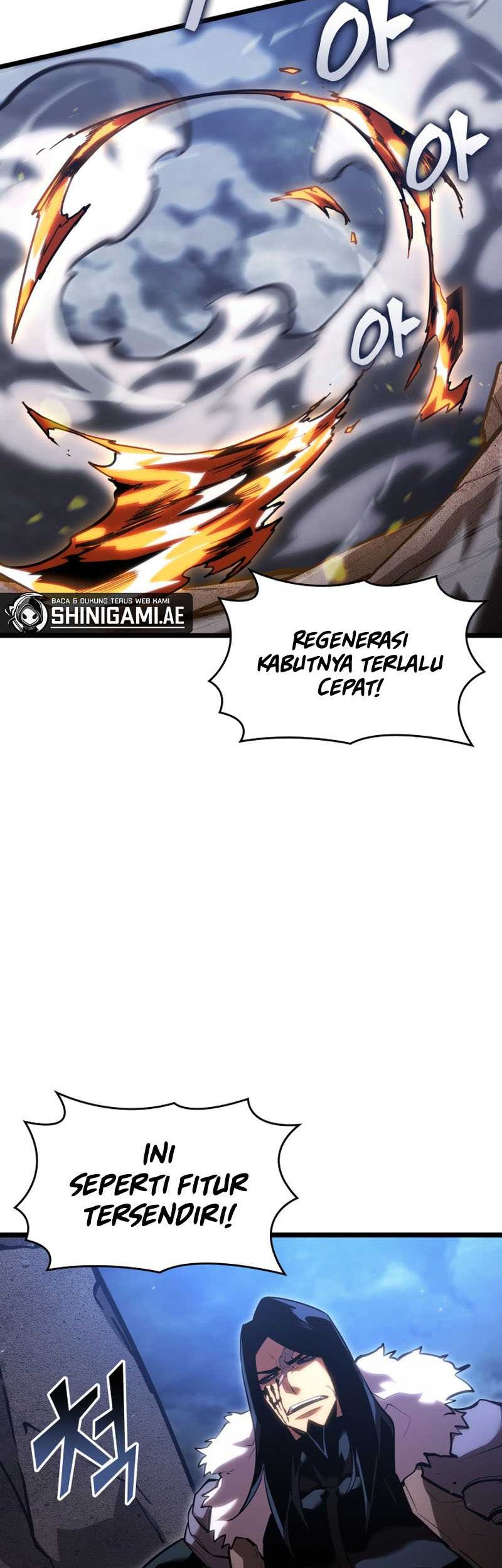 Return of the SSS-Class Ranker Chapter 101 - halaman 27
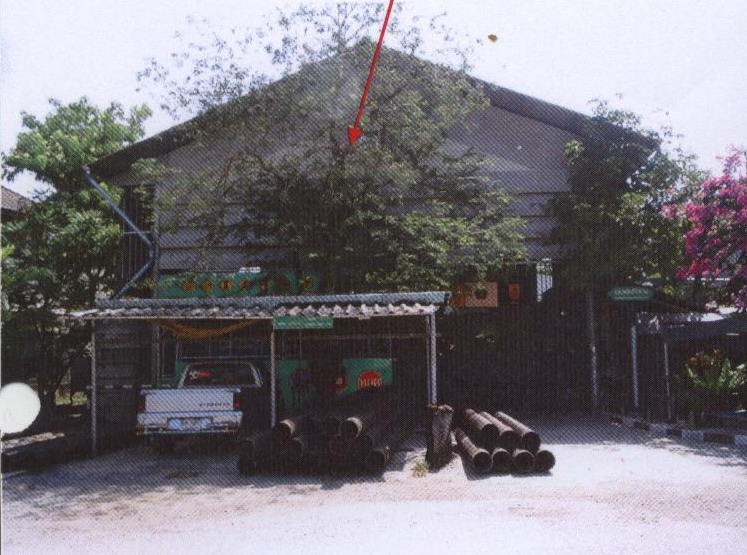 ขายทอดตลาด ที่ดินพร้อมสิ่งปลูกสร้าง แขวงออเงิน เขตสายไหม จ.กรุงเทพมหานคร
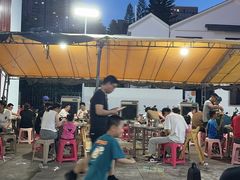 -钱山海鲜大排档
--
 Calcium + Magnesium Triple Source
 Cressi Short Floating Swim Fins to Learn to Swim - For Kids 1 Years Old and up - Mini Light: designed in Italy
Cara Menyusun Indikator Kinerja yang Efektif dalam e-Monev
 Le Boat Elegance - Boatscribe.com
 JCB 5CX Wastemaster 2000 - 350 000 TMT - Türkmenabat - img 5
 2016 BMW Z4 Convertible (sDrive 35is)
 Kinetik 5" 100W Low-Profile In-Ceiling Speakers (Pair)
--
* **TASK DESCRIPTION**: Wherever the line holding "Cressi Short Floating" falls in the entries above, copy exactly from it through the line holding "In-Ceiling Speakers (Pair)", inclusive, and add nothing.

* **ANSWER TO THIS EXERCISE**:
 Cressi Short Floating Swim Fins to Learn to Swim - For Kids 1 Years Old and up - Mini Light: designed in Italy
Cara Menyusun Indikator Kinerja yang Efektif dalam e-Monev
 Le Boat Elegance - Boatscribe.com
 JCB 5CX Wastemaster 2000 - 350 000 TMT - Türkmenabat - img 5
 2016 BMW Z4 Convertible (sDrive 35is)
 Kinetik 5" 100W Low-Profile In-Ceiling Speakers (Pair)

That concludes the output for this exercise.